→ REQUIREMENT: Although the entries contain pictures, your copy should hold only their exact text.

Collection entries
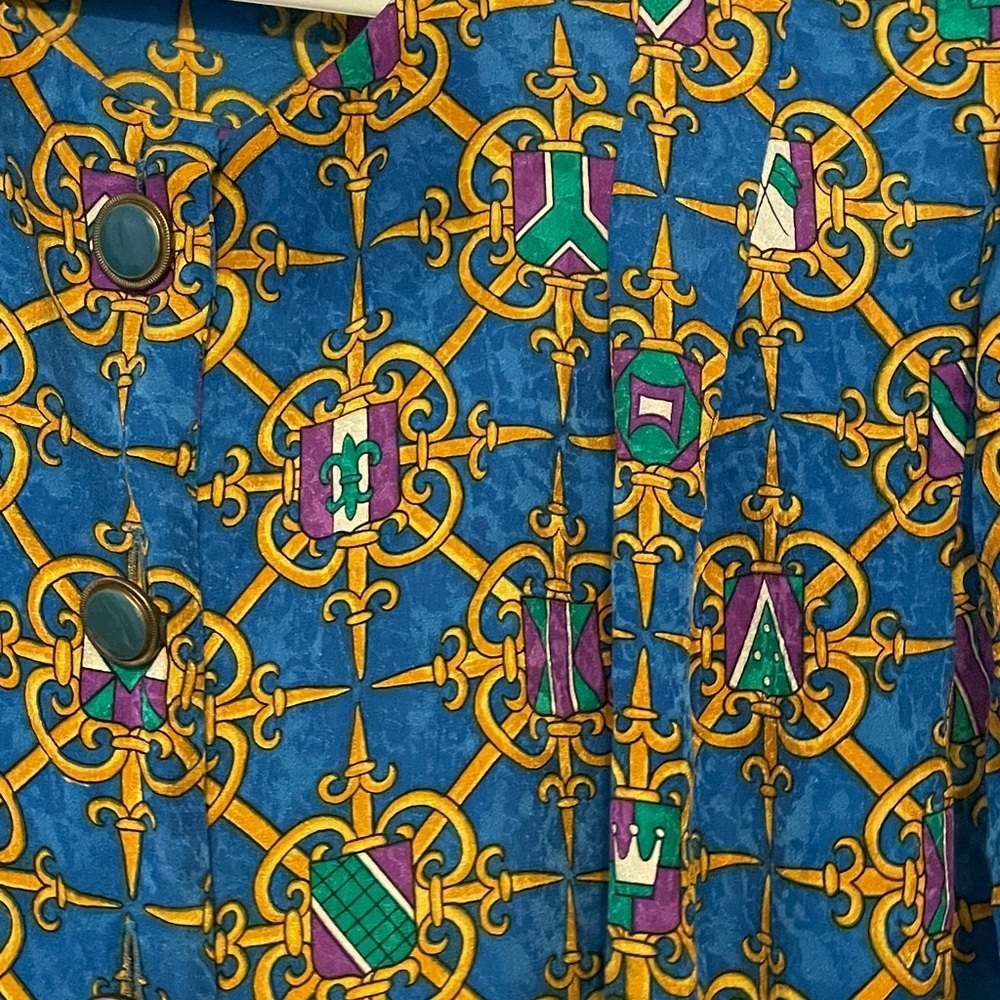 Adrianna Papell Blue and Gold Patterned Midi Dress - Picture 4 of 6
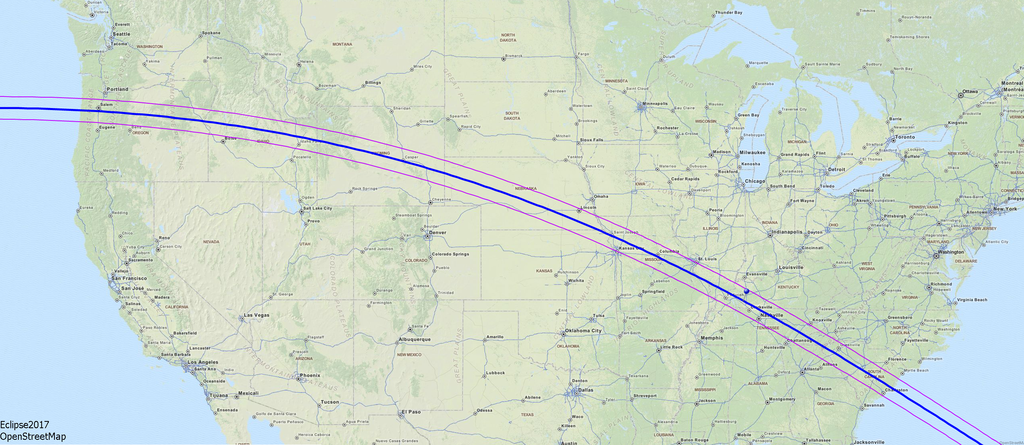 Map of the moon's trajectory across the USA in 2017.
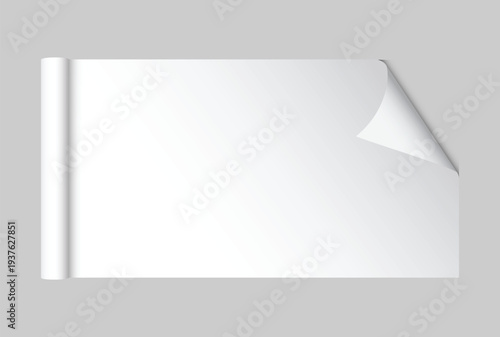 White gift wrapping paper mockup with rolled edge and curved corner isolated on background, clean paper texture for gift wrap design, packaging, branding, print, magazines, catalogs or newspapers.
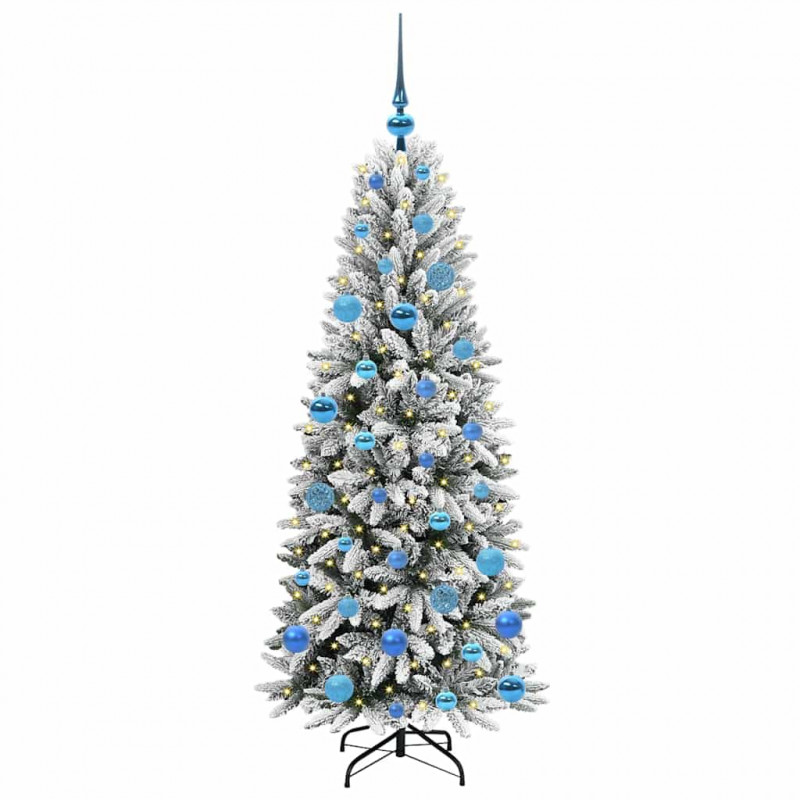 Sztuczna choinka Biały 150 cm PVC, Plastik, Stal i PE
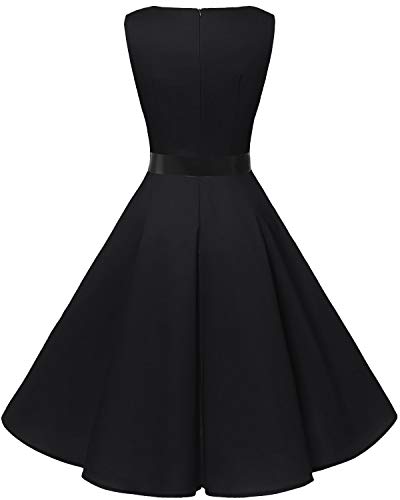Bbonlinedress 50s Vestidos Vintage Retro Rockabilly Clásico Black 2XL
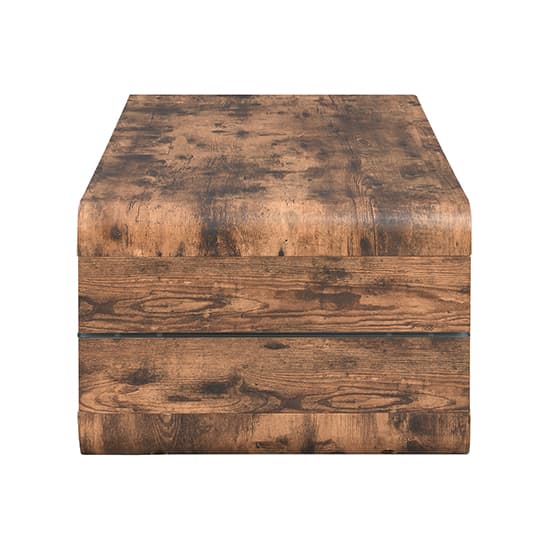 Xenia Wooden Coffee Table With Shelf In Rustic Oak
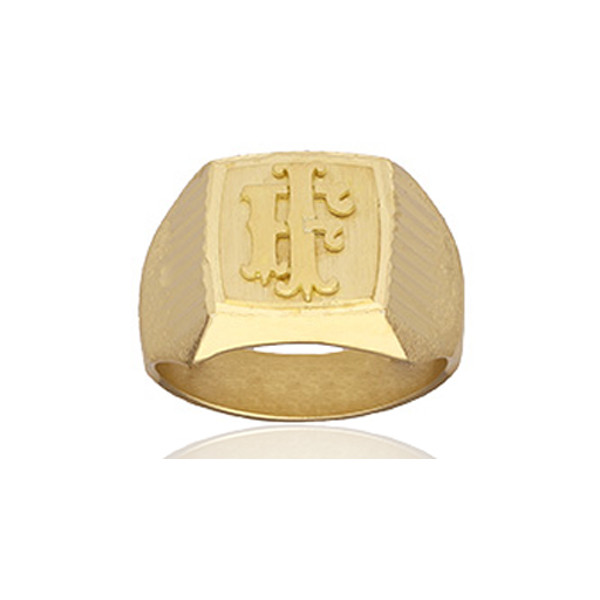 Chevalière en or 18 carats carrée 15 x 15 mm personnalisable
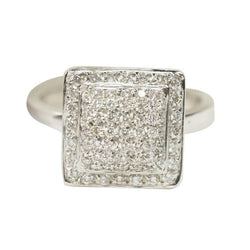 Bague plateau en or blanc et diamants - Castafiore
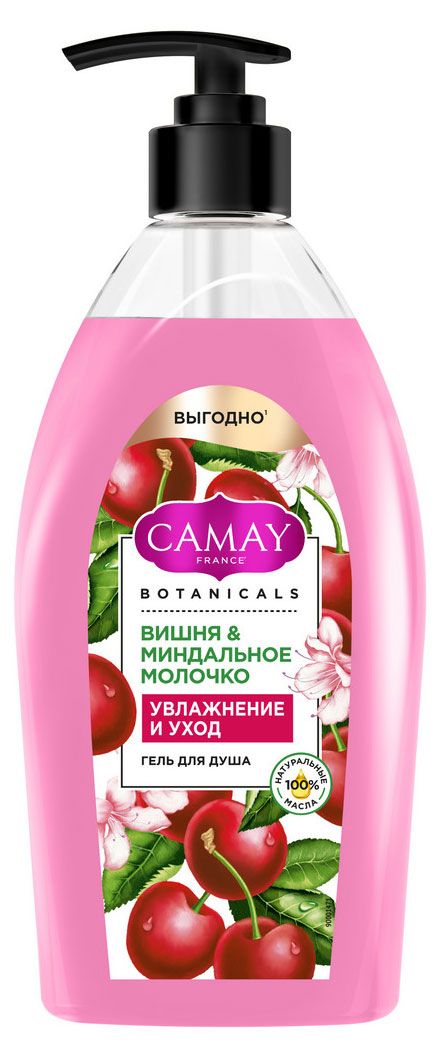 фото Гель для душа camay увлажнение и уход вишня и миндальное молочко, 750 мл
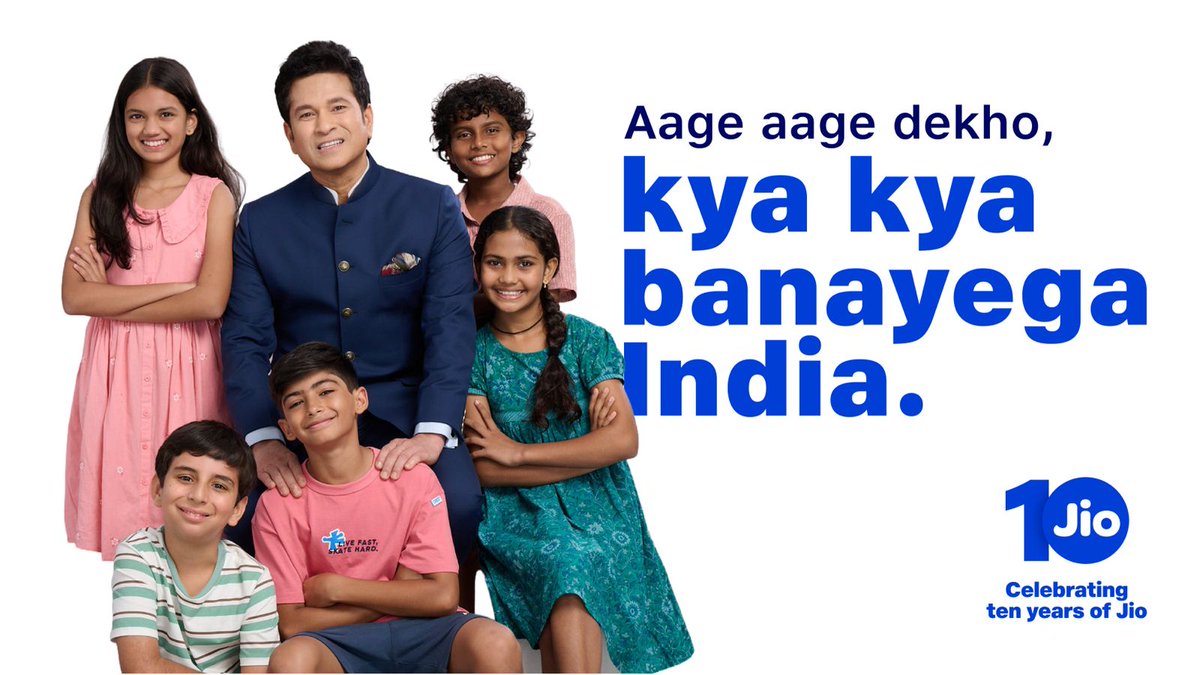 As Jio turns 10, we celebrate an India that has grown up with technology and is now ready to shape what comes next. The next decade will be about India leading from the front. A generation for whom the only question that matters is not “Bade hoke kya banoge?” but “Bade hoke kya banaoge?” Jio will be there to power every idea, every innovation and every dream. Aage aage dekho, kya kya banayega India. #10YearsOfJio #Jio #NextDecade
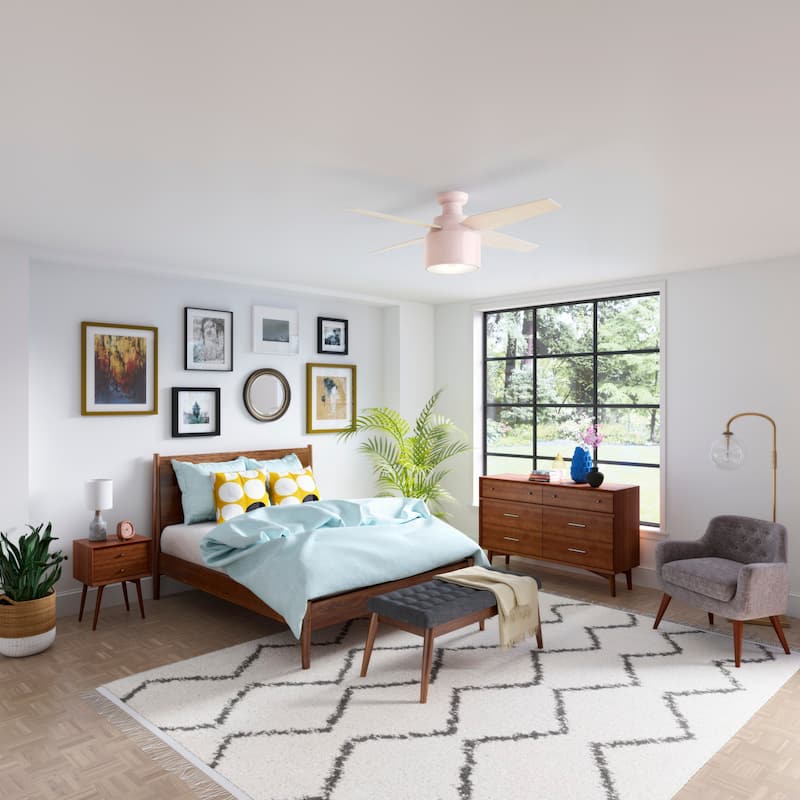 Hunter 52" Cranbrook Ceiling Fan with LED Light Kit and Remote - Mid-Century Modern, Low-Profile
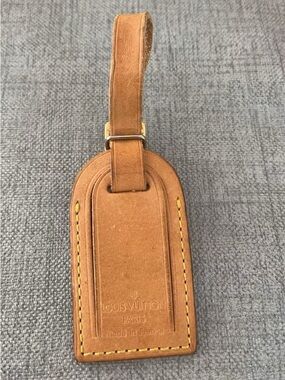 Vintage Louis Vuitton Classic Brown Leather Luggage Tag Bag Charm Keyring A05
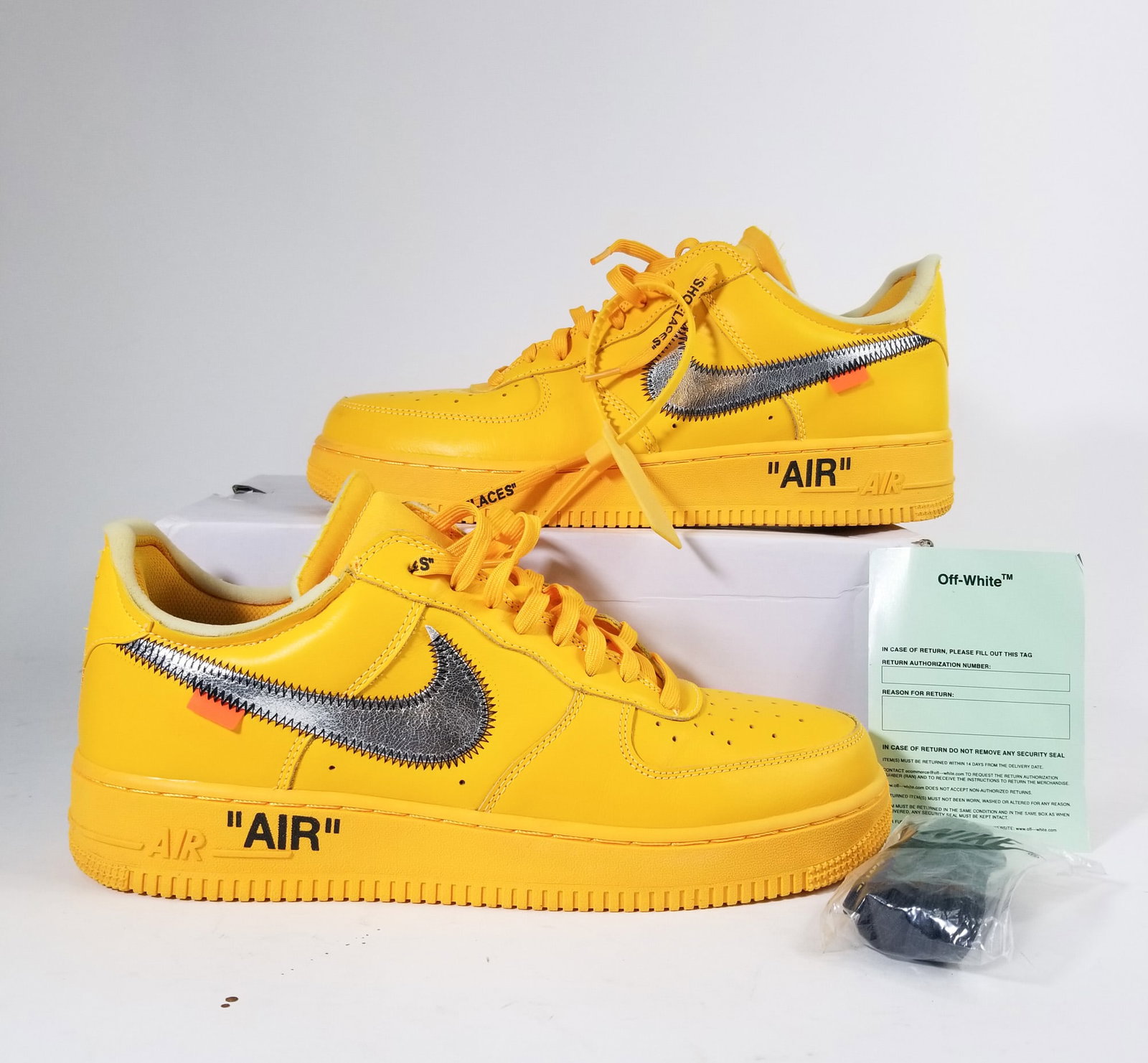 Nike Air Force 1 Low Off-White ICA University Gold: Nike Air Force 1 Low Off-White ICA University Gold: Appear to have been worn at least once with very very minimal wear. Men's size 13. Includes original box. Size Men's size 13 Literature Brooks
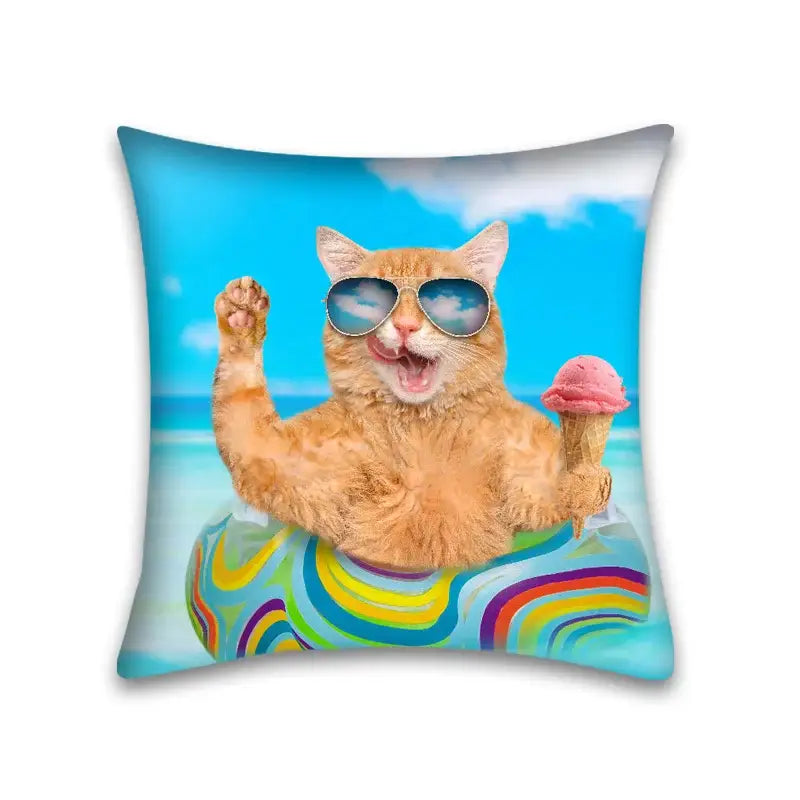 Square cushion pillow case featuring a vibrant orange cute cat anime wearing reflective sunglasses with rainbow swirls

→ YOUR SOLUTION:
 Adrianna Papell Blue and Gold Patterned Midi Dress - Picture 4 of 6
 Map of the moon's trajectory across the USA in 2017.
 White gift wrapping paper mockup with rolled edge and curved corner isolated on background, clean paper texture for gift wrap design, packaging, branding, print, magazines, catalogs or newspapers.
 Sztuczna choinka Biały 150 cm PVC, Plastik, Stal i PE
Bbonlinedress 50s Vestidos Vintage Retro Rockabilly Clásico Black 2XL
 Xenia Wooden Coffee Table With Shelf In Rustic Oak
 Chevalière en or 18 carats carrée 15 x 15 mm personnalisable
 Bague plateau en or blanc et diamants - Castafiore
 фото Гель для душа camay увлажнение и уход вишня и миндальное молочко, 750 мл
 As Jio turns 10, we celebrate an India that has grown up with technology and is now ready to shape what comes next. The next decade will be about India leading from the front. A generation for whom the only question that matters is not “Bade hoke kya banoge?” but “Bade hoke kya banaoge?” Jio will be there to power every idea, every innovation and every dream. Aage aage dekho, kya kya banayega India. #10YearsOfJio #Jio #NextDecade
 Hunter 52" Cranbrook Ceiling Fan with LED Light Kit and Remote - Mid-Century Modern, Low-Profile
 Vintage Louis Vuitton Classic Brown Leather Luggage Tag Bag Charm Keyring A05
 Nike Air Force 1 Low Off-White ICA University Gold: Nike Air Force 1 Low Off-White ICA University Gold: Appear to have been worn at least once with very very minimal wear. Men's size 13. Includes original box. Size Men's size 13 Literature Brooks
 Square cushion pillow case featuring a vibrant orange cute cat anime wearing reflective sunglasses with rainbow swirls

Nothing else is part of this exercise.